Danuta Huebner przestanie być unijnym komisarzem ds. polityki regionalnej. Rezygnację z posady w Brukseli ma złożyć u marszałka Sejmu Bronisława Komorowskiego najpóźniej w środę - poinformował szef sztabu wyborczego Huebner Radosław Ciszewski.
Huebner unijnym komisarzem była od listopada 2004 r. W eurowyborach została warszawską "jedynką" PO i zdobyła mandat europosła.
Zgodnie z polską ordynacją do PE, wybrany deputowany, który jednocześnie pełni inną publiczną funkcję, ma 14 dni (od ogłoszenia wyników wyborów w Dzienniku Ustaw) na poinformowanie marszałka Sejmu o złożeniu rezygnacji z tego stanowiska. W przeciwnym razie traci mandat eurodeputowanego.
Z kolei regulamin wewnętrzny PE nakazuje, by każdy wybrany eurodeputowany złożył oświadczenie pisemne najpóźniej sześć dni przed inauguracyjnym posiedzeniem PE (pierwszy dzień sesji wypada 14 lipca), że nie zajmuje żadnego innego stanowiska, niepołączalnego z mandatem europosła.
"Deadline nie istnieje"
Rzecznik KE ds. instytucjonalnych Mark Gray powiedział, że nie istnieją żadne specyficzne procedury nakazujące przewodniczącemu Komisji Europejskiej przyjąć dymisję komisarza w konkretnym czasie. - Deadline nie istnieje - mówił.
To może być kwestia godzin lub dni, ale - jak dodał - w przypadku dymisji komisarza, który dostał się do PE, "spodziewa się bardzo szybkiego przyjęcia".

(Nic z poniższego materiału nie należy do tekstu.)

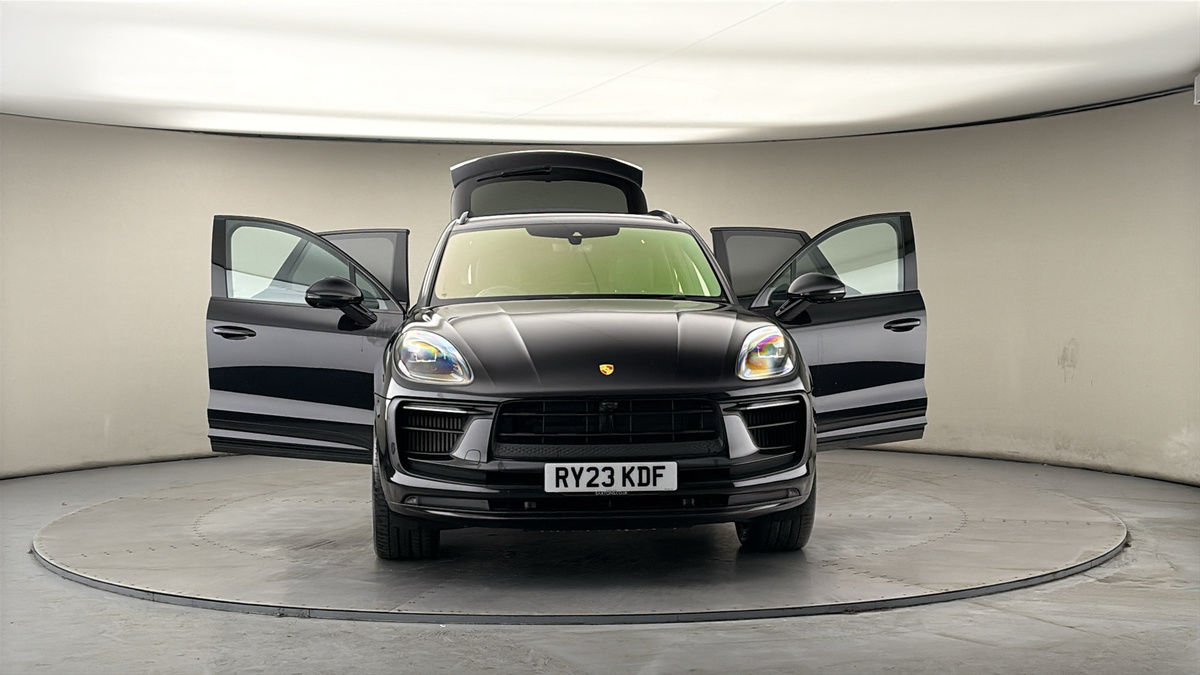 More views of Porsche Macan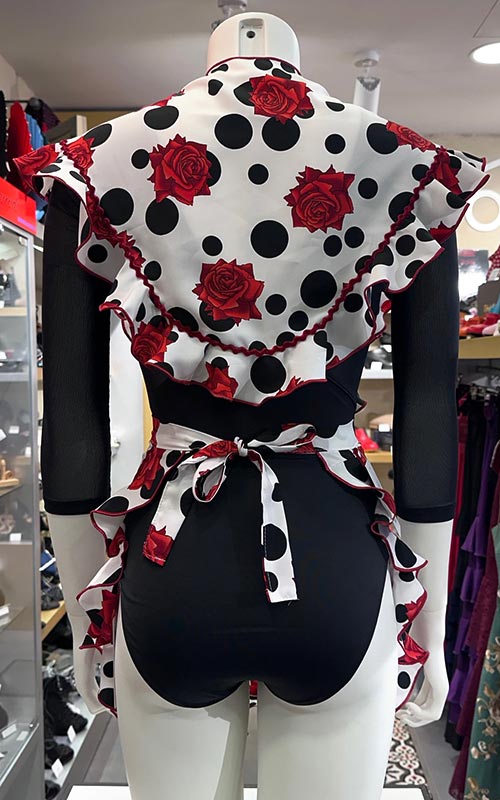 Conjunto delantal y mantoncillo  flamenco blanco con lunares negros y flores rojas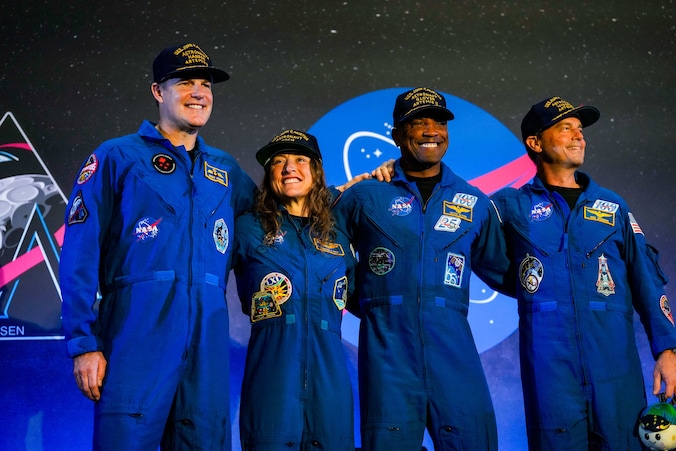 Jeremy Hansen, Christina Koch, Victor Glover en Reid Wiseman tijdens de persconferentie.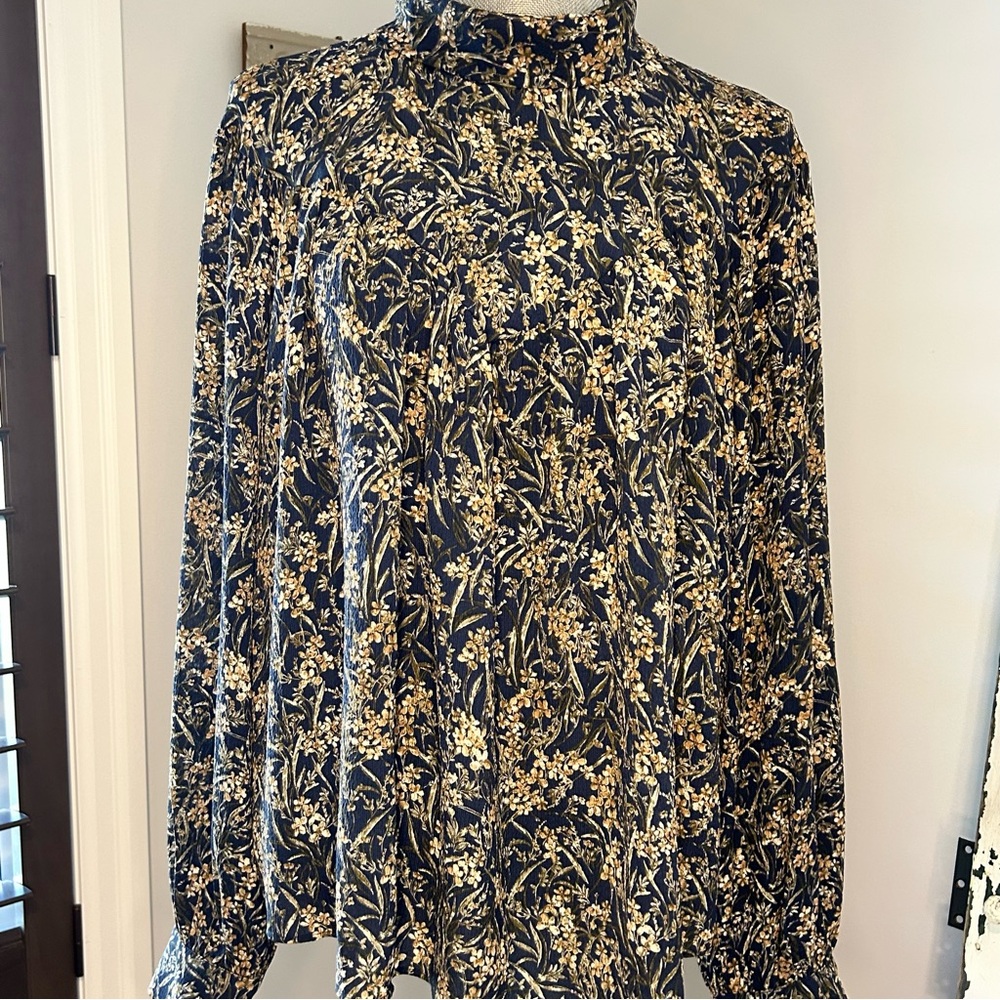 RW&CO Long Sleeve Romantic Navy Floral Poet Style Blouse Mock Neck Size XL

Zwłaszcza, że szef KE Jose Barroso wcześniej zgodził się, żeby trzech komisarzy z obecnej Komisji Europejskiej (w tym Danuta Huebner) startowało do PE udzielając im urlopu z KE na czas kampanii wyborczej do PE.
Następca Huebner już jest
Miejsce Huebner w KE zajmie inny eurodeputowany PO Janusz Lewandowski. On także będzie unijnym komisarzem z ramienia Polski, kiedy zacznie się nowa kadencja KE. Jak sam przyznał, nasz kraj zabiega o tekę ds. rynku wewnętrznego.